→ **DATA SECTION**:
================================

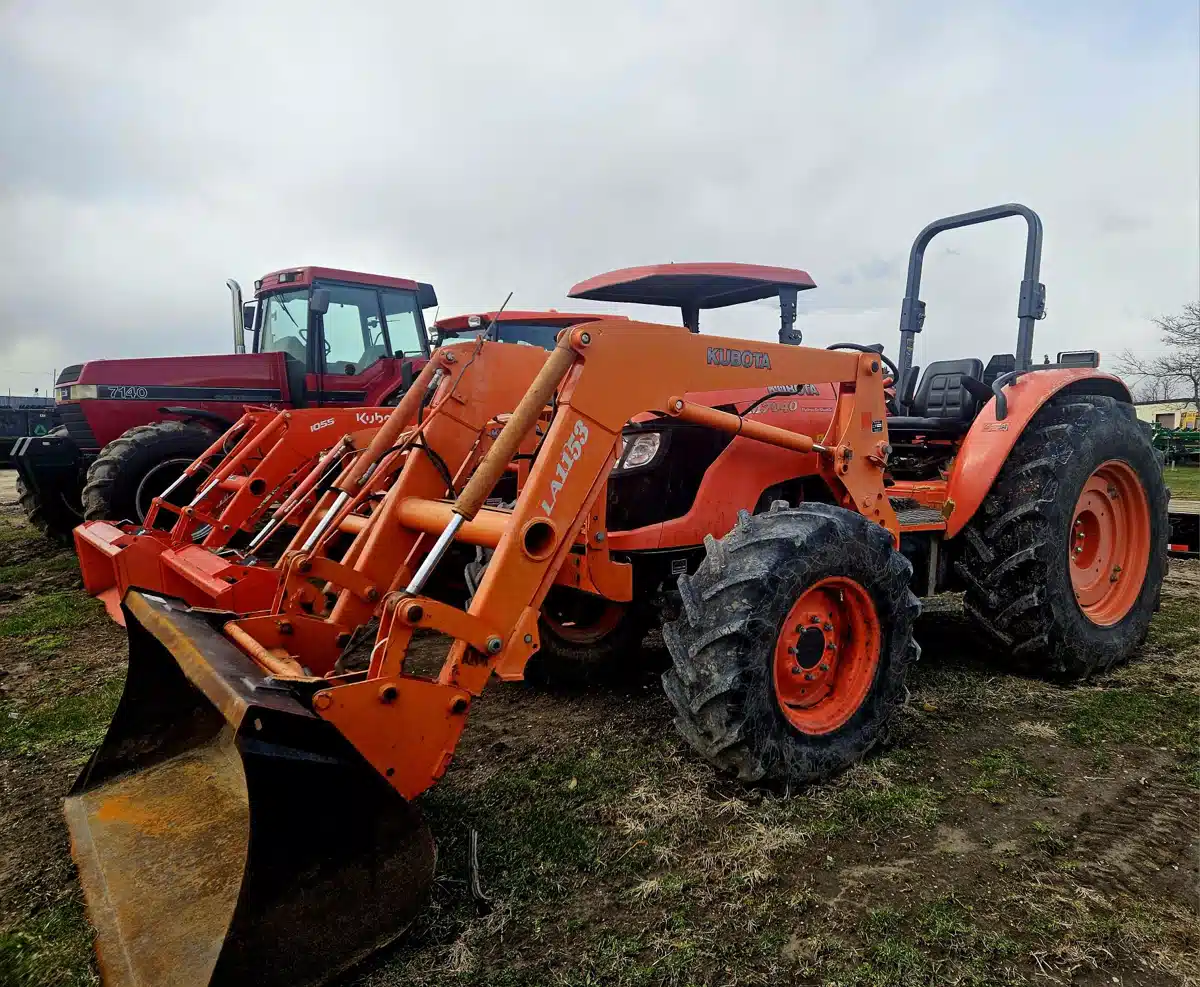 Gallery image 1 for 2012 Kubota M7040 Tractor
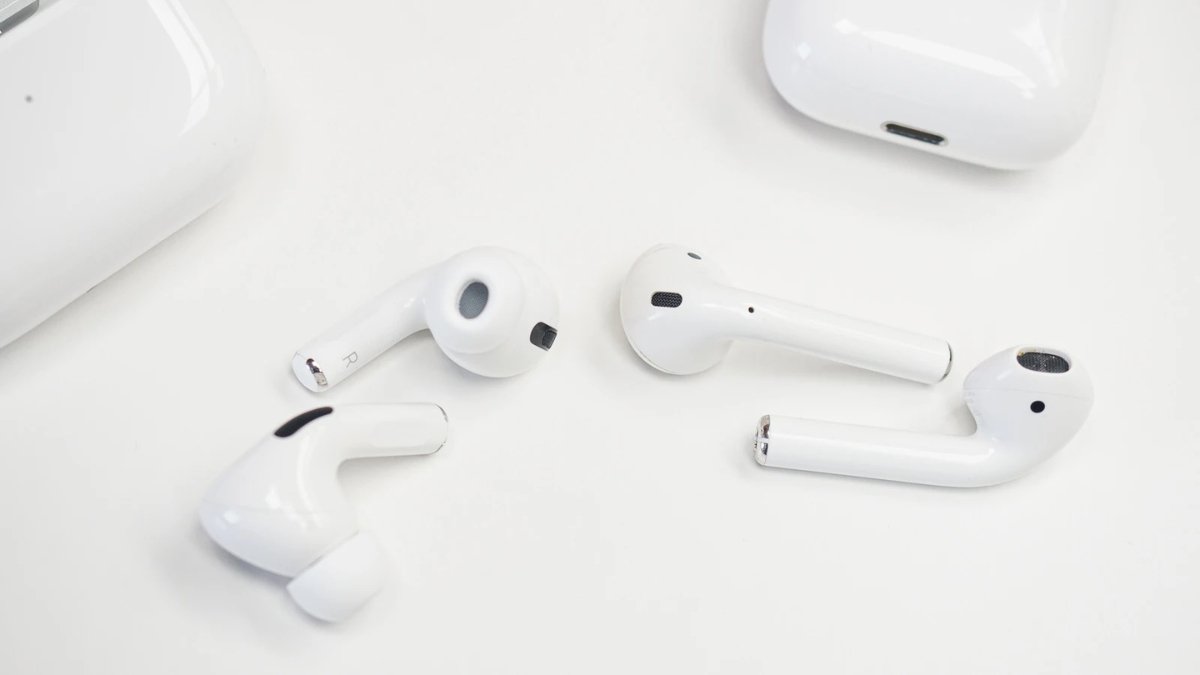 AirPods 3 sạc có dây giá bao nhiêu? Có gì khác biệt để mua? 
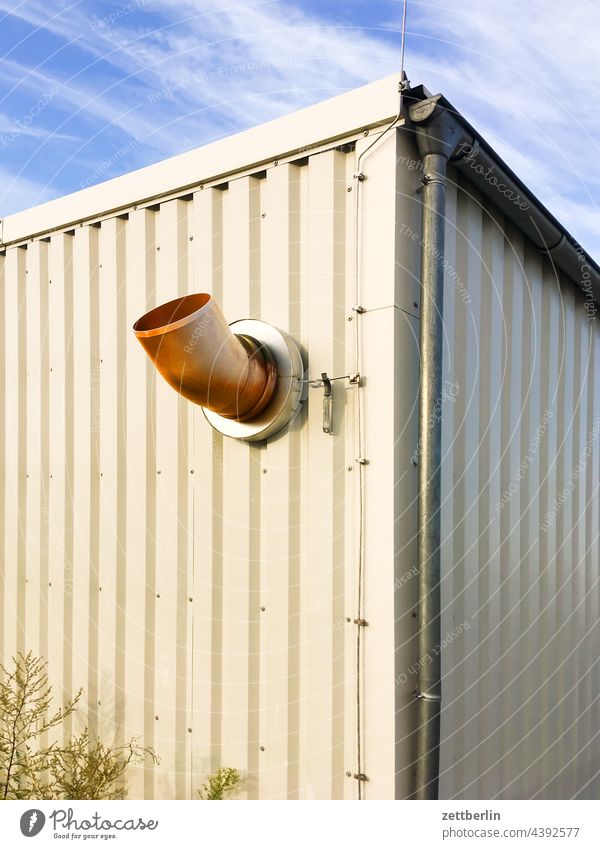 Vent pipe on a container Container Mobile home conduit ventilation Ventilation Accommodation temporary shelter refugee shelter emergency shelter Temporary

================================

Beginning with the line that contains "AirPods 3 sạc" and ending with the final line of the material, reproduce those lines exactly and nothing else. Omit the pictures.

→ **EXERCISE RESPONSE**:
 AirPods 3 sạc có dây giá bao nhiêu? Có gì khác biệt để mua? 
 Vent pipe on a container Container Mobile home conduit ventilation Ventilation Accommodation temporary shelter refugee shelter emergency shelter Temporary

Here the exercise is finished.